Statin prescriptions

Across all 56,530 patients with ASCVD, women (compared with men), community hospital patients (compared with an academic hospital), and patients with cerebrovascular disease, peripheral arterial disease, or polyvascular disease (compared with coronary artery disease) were less likely to receive any statin prescriptions (Supplementary Table 4). Women (compared with men) and those with cerebrovascular disease or peripheral arterial disease (compared with coronary artery disease) were less likely to receive high intensity statin prescriptions (Supplementary Table 5).

Manual annotation results

In the manually annotated dataset (Fig. 2), 742 (43%) were on statins per unstructured notes despite no prescription data. Among the 1000 (57%) statin nonusers, reasons for nonuse included perceived lipid control (17%, N = 174), muscle side-effects (14%, N = 139), and patient preference (15%, N = 153) (Fig. 2). Kappa coefficients for overlapping manual review of 50-patient and 100-patient subsets were 0.91 and 0.99, respectively, indicating strong reviewer agreement.
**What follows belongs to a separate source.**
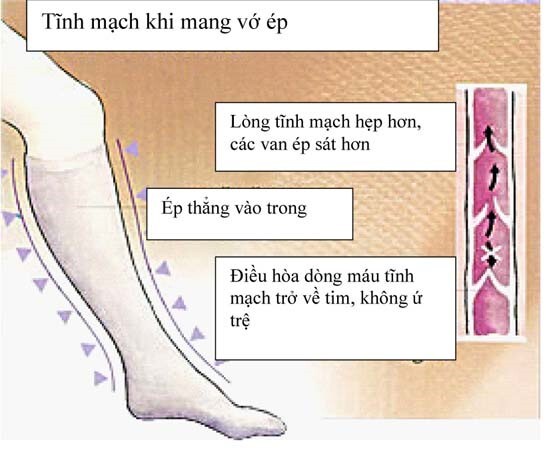 Nghẽn tĩnh mạch chân – Những điều cần biết để bảo vệ sức khỏe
Fig. 2: Training, internal validation, and application of a deep learning model (Clinical BERT) for natural language processing to identify statin nonuse and classify reasons for statin nonuse from unstructured clinical notes of patients with ASCVD.

NLP model evaluation

In the held-out test set of the manually annotated dataset, the binary NLP model classified statin nonuse with an overall AUC of 0.94 (95% CI 0.93–0.96) (Table 2). Among statin nonusers, the two-step model classified reasons for statin nonuse with an overall weighted-average AUC of 0.88 (95% CI 0.86–0.91). The simple multilabel classification model classified reasons for statin nonuse with an overall AUC of 0.86 (95% CI 0.82–0.89).
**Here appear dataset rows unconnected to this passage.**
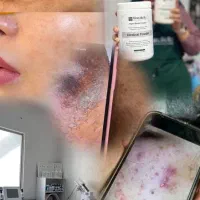 تخفیف ویژه فشیال تخصصی عیدقربان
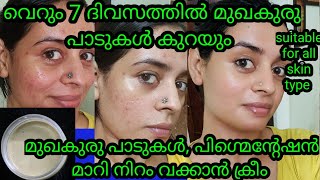 OMG Remove pimple marks and dark spots just 7 days Natural homemade cream for pimple marks darkspot [upl. by Linoel]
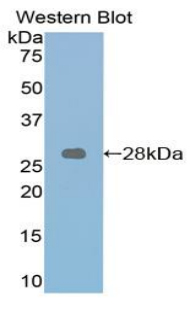 Polyclonal Antibody to Retinoic Acid Receptor Alpha (RARa)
Table 2 Performance of deep learning NLP models to characterize statin nonuse from unstructured clinical notes in persons with ASCVD.

Full size table

NLP model application in the full cohort and by pre-specified subgroups

After NLP model development and evaluation, the binary statin nonuse model and the hurdle multiclass model for reasons for statin nonuse were applied to the full dataset of 3929 patients (Fig. 2). The models found that 1534 (39%) of these patients were statin users based on their clinical notes despite no documented statin prescriptions. Among the remaining 2395 statin nonusers, reasons for statin nonuse included muscle-based side-effects (16%), perceived lipid control (11%), and patient preference (13%; Fig. 2).

Reasons for statin nonuse were further stratified by type of ASCVD and by race/ethnicity (Table 3). Non-Hispanic black, Non-Hispanic Asian, and Hispanic patients had higher representation in the perceived lipid control group (a guideline-discordant practice) when compared with the other groups (p < 0.001). Patients with cerebrovascular disease had a higher representation in the perceived lipid control group when compared with other groups (p < 0.001). Excerpts denoting each reason for statin nonuse are outlined in Table 4.
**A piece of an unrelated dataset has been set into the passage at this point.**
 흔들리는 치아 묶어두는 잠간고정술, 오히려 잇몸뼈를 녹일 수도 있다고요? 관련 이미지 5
Table 3 NLP-identified reasons for statin nonuse in patients with ASCVD, stratified by type of ASCVD and race/ethnicity.

Full size table

Table 4 Excerpts from clinical notes demonstrating the reasons for statin nonuse identified in this study.

Full size table

Among patients without structured statin prescriptions, individuals who were statin users according to NLP were slightly more likely to be male and have coronary artery disease compared with statin nonusers according to NLP (Supplementary Table 6).

Discussion

Strong evidence conclusively supports the use of statins in patients with ASCVD to reduce cardiovascular morbidity and mortality. However, in a real-world, multiethnic cohort of ASCVD patients, approximately 40% lacked guideline-concordant statin prescriptions. There was limited clinical documentation of statin nonuse overall. A deep learning NLP approach (Clinical BERT) reliably classified statin nonuse and reasons for statin nonuse from large-scale unstructured notes including patient-level (side-effects, patient preference) and clinical-level reasons (guideline-discordant practice).

The benefits of statin use in ASCVD are well-established¹; yet, there remain major gaps in statin utilization^6,7. Our study adds to this literature by highlighting a high proportion of ASCVD patients without documented statin prescriptions in a large health system, including disparities in statin prescriptions by gender, race/ethnicity, and practice setting (academic versus community-based). There is a strong need to develop interventions to bridge statin utilization gaps. Previous work studying reasons for statin nonuse has often relied on surveys that are potentially limited by selection bias, generalizability, and scalability^15,16. A prior EHR-based study addressed statin discontinuation among patients with existing prescriptions and used a rules-based approach to analyze notes¹¹. To our knowledge, our study is the first to employ a deep learning-based NLP approach to comprehensively track statin nonuse and reasons for statin nonuse across structured and unstructured EHR data. We capture statin nonuse in a multiethnic multisite health system in detail, including documentation gaps, clinician- and patient-level reasons for nonuse, and differences by characteristics such as ASCVD type and race/ethnicity.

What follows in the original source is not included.